Michael Pavling wrote in post #1035507:
The bottom line is that the latest version of Ruby,
Rails, and MySql do not work together.
Apparently it *does* work.
Just sayin' ...
yes, but sweeping declarative statements are never going to be a good
starting point for taking advice :-/
Stephen, how about modifying your assertion thus, which may be a
better place to start reflection:
"The bottom line is that I can't get the latest version of Ruby,
Rails, and MySql running on Windows"
PS in your OP, you say:
"I create the most basic rails project (rails generate demo index,
uncomment the last line of the routs.rb [sic] file), run the sever and
navigate to page and get:"
...but you don't mention in that list any changes you made to the
database.yml file.
I appologize and agree.

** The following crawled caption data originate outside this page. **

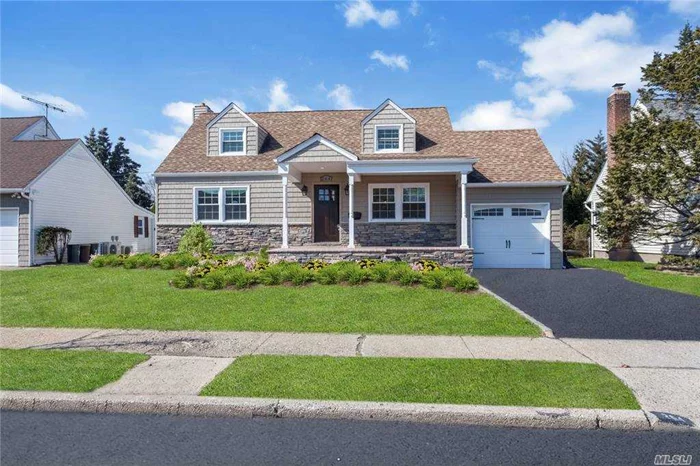 99% New construction, expanded Cape with open floor plan, kitchen with large island, sliders to paved patio, beautiful private yard, Ductless heat/air, hardwood floors throughout, fully finished basement. East Meadow schools.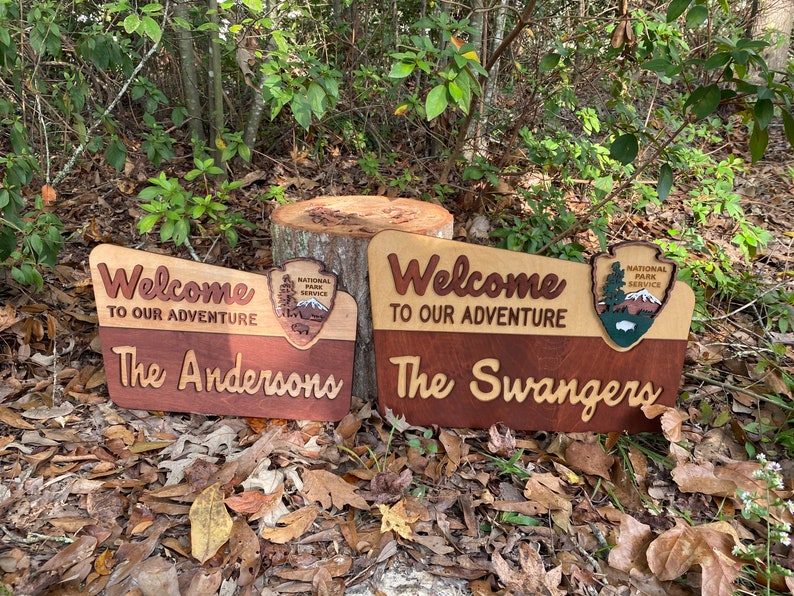 May include: Two wooden welcome signs with the text "Welcome to our adventure" and the family names "The Andersons" and "The Swangers". Each sign features a National Park Service logo with a mountain scene.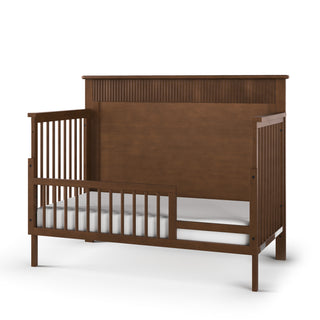 The Child Craft F09502 Toddler Guard Rail in Cocoa Bean is a wooden bed with three closed slatted sides, one open side with a guard rail, and a low white mattress—ideal for an easy transition from a Child Craft crib.
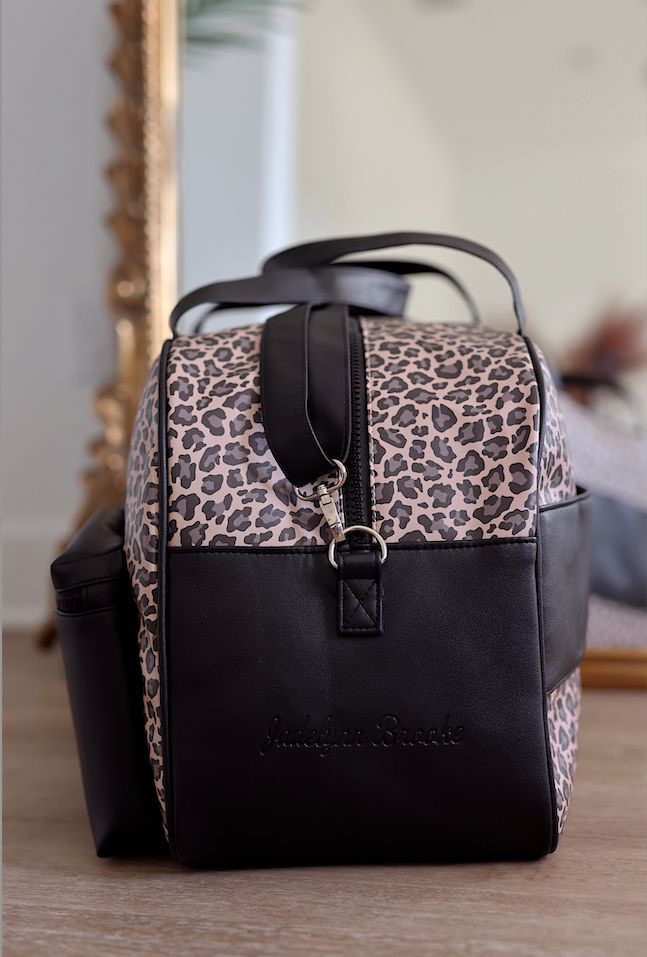 Stylish leopard print backpack with black leather accents, featuring sturdy zippers and adjustable straps.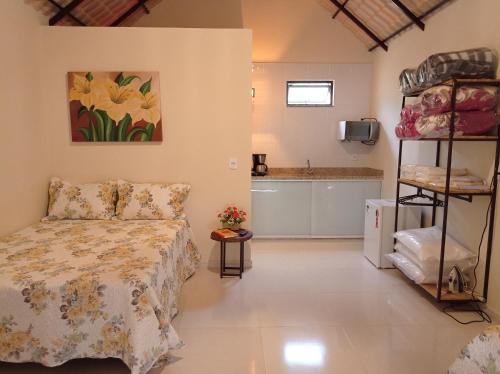 a bedroom with a bed and a sink in a room at Chalés Pôr Do Sol in Alto Caparao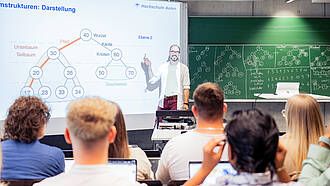 Ein gut besetzter Vorlesungssaal. Man sieht die Studierenden von hinten. Vor ihnen erklärt ein Lehrender Stoff an einem Whiteboard. Auf dem Whiteboard und an der Tafel im Hintergrund sind Baumdiagramme zu sehen. Ein gut besetzter Vorlesungssaal. Man sieht die Studierenden von hinten. Vor ihnen erklärt ein Lehrender Stoff an einem Whiteboard. Auf dem Whiteboard und an der Tafel im Hintergrund sind Baumdiagramme zu sehen.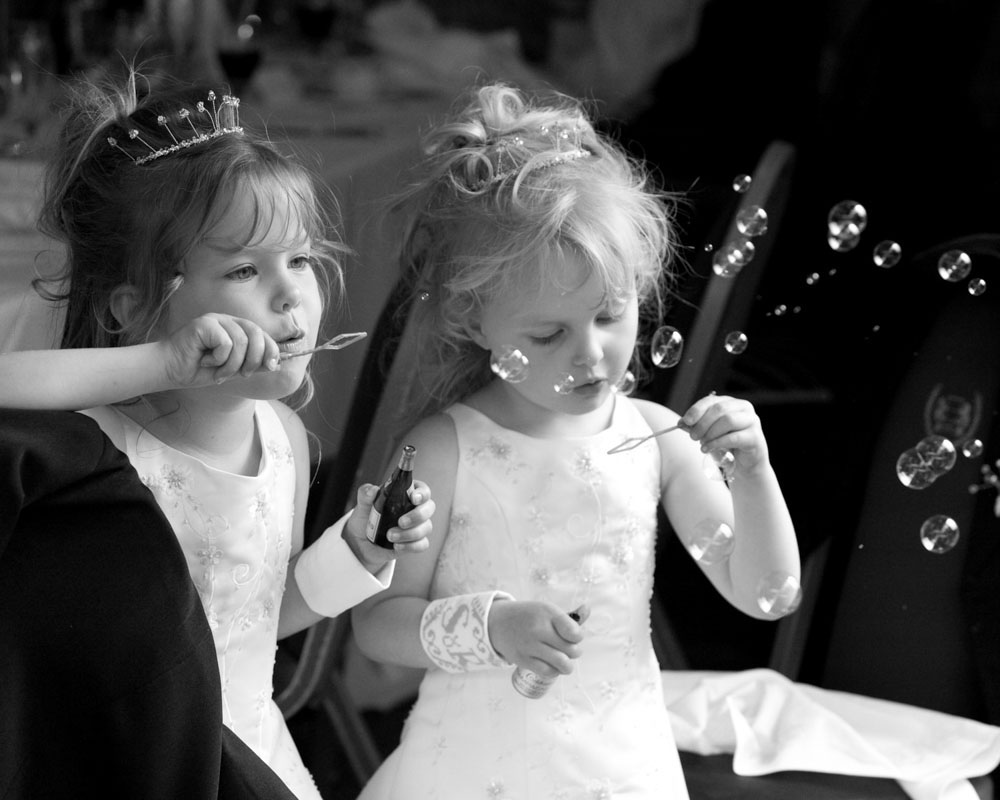 ridesmaids blowing bubbles at a Sheffield wedding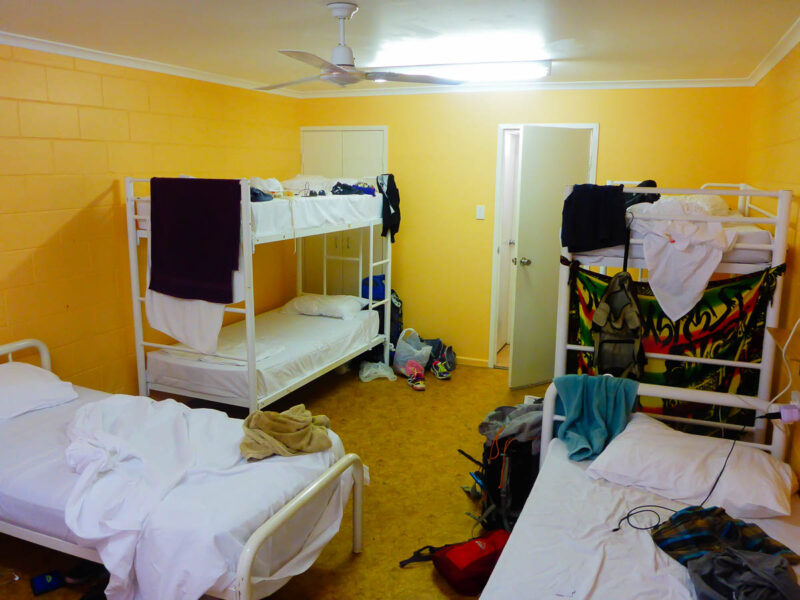 Messy dorm room in a hostel with 2 bunk beds, 2 single beds, and clothing sprawled out everywhere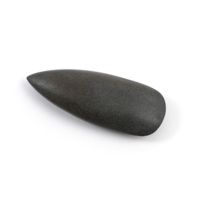 Axe head. A dark polished stone axe head about ten centimetres long, one end pointed and the other sharpened.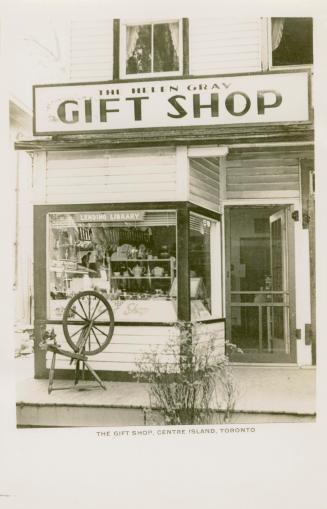 Picture of the storefront and window of a gift shop with a spinning wheel out front. 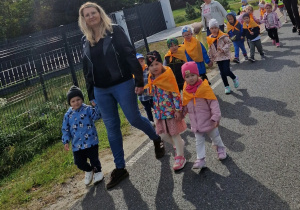 Dzieci z opiekunami na spacerze idą poboczem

It was the end of two full days of frustrations
and I should have been more polite to those who were taking their
valuable time to try and help me.
I am new to the world of Rails and began by installing all the latest
versions of things: Ruby 1.9.3, Rails 3.1.3, and MySQL 5.5.17 (Windows
7 64 bit).
I did a few tutoritals using SQLite and it is indeed very nice.
However, I know that I will need to use Rails with MySQL for production,
therefore I need to go ahead and get used to it while learning.
Coming from the C#/Silverlight development world where things are highly
integrated and just work, I'm finding that the promise that Ruby on
Rails is fast and fun to be untrue(and I know this will bring much
flack.. but its true). I asked my colleque (a very experienced developer
as well) to try to do a "hello world" application in rails using MySQL..
after many many hours of installing, reinstalling, reading blogs, etc..
no bananana. Honestly, I find that very disappoining.
I will try the detailed advice above (thank you for it) and let you guys
know what happens. If i get it working, I will put up a detailed
article on a blog so as to save the next poor newbie. However, the fact
that it is necessary is truly sad. It is what I hate about open source.